The idea is that this is a path of discipline, which you have to understand according to the definition of bhakti. You can get mukti even without a guru but that is a completely different thing. If you want to be a devotee then you have to do favourable service to God – that is what bhakti is: ānakūlyena kṛṣṇānu-śīlanaṁ bhaktir uttamā. Bhakti means love. By love we mean that your life is dedicated to the person whom you love. But that is not our natural inclination. Our natural inclination is to love our body, our mind and things which are related to them, such as our family and possessions. That is natural, you don’t have to acquire it. You are just born with it.
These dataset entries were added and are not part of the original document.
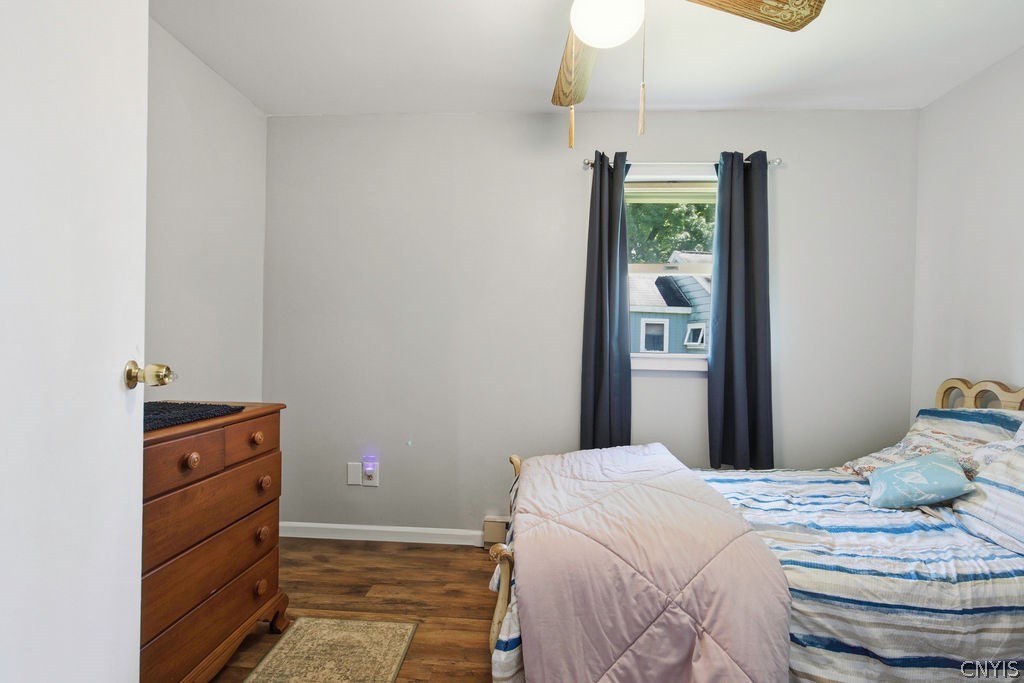 123 Larkin Street Sullivan, NY 13037 - Photo 14 of 27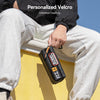 Telesin Universal Portable Storage Bag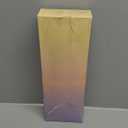 Automatic Hair Curler, Automatic Curling Iron Hair Waver with 4 Temperature&15s TimerAutomatic Shut-Off, Anti-Scald, Anti-Tangle Rotating Curling Travel Size 110V-240V (Pink)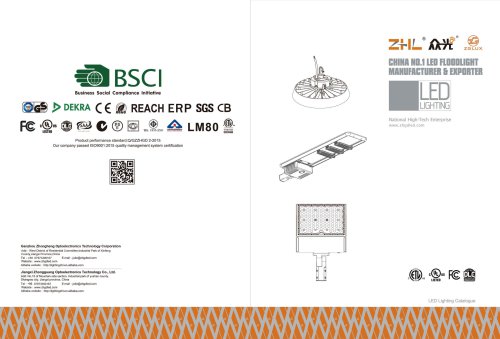 ZHL-2023-Catalogue-US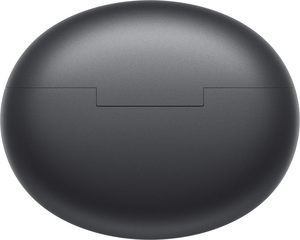 Audífonos Inalámbricos One Plus Buds 4, Controladores Duales, 55 dB ANC, Hi-Res LHDC 5.0, 5.4, 45 Horas de Duración de Baterí<span class=keywords><strong>a</strong></span> - Product Image 5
We have not seen God. So in order to start loving somebody whom you have not even seen, loving and dedicating ourselves to Him will not happen just by our own effort and our own understanding due to the fact that we don’t have any experience of it. If you don’t have any experience of bhakti, how are you going to execute it? If you don’t have knowledge of bhakti because you cannot understand it by yourself, then you cannot execute it properly. That’s why we need a teacher from whom we can learn and then practice, otherwise we will keep doing something only according to our own mind. Those activities – chanting or listening to Krsna’s stories, reading Bhagavatam and going to Vrindavana and doing parikrama – have devotional power in them because they are not material. So they will have their influence, but in order to come to bhakti you have to know how to do it. If I want to please you, then I have to know who you are and what pleases you. That’s what bhakti is and that has to be learned. But if you want to be a shanta-bhakta (no personal relationship with God, like a reclusive yogi) then you don’t need to know, because you have no interest in pleasing God. You will sit and meditate, but even that you will have to learn from somebody.
Question: Can one attain Vaikuntha if one has practiced pure bhakti and followed a teacher but has no prema? Can the result of vaidhi bhakti in its perfection be below prema?
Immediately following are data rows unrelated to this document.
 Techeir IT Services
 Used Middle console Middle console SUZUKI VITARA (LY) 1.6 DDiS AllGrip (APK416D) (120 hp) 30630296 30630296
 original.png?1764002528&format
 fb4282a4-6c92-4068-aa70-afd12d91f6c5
Answer: Yes, a shanta-bhakta can go to Vaikuntha and their prema is to meditate on God without the intention to do any service for Him.
Question: It’s a different kind of prema?
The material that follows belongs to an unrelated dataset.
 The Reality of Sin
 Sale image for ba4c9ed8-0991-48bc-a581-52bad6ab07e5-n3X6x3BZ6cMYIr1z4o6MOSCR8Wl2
Answer: They are also surrendered but without that personal connection, because their concept of God is that He is Brahman personified.
Question: So they can achieve the five types of mukti in Vaikuntha?
Answer: They don’t want the five muktis, their mukti is salokya (to be on the same planet with Bhagavan). They don’t want the others. They don’t want to be close to God, hence they are shanta or neutral. Just like some people like to be alone and sit in their rooms and have no social contacts. They are happy like that, it is their nature, they like to be aloof.
Question: And when you say it is their nature, where does that inclination come from? Does it come from the guru, who gives the seed of that or did they have that inclination before?
Answer: They get the inclination by the seed of the guru who has that inclination.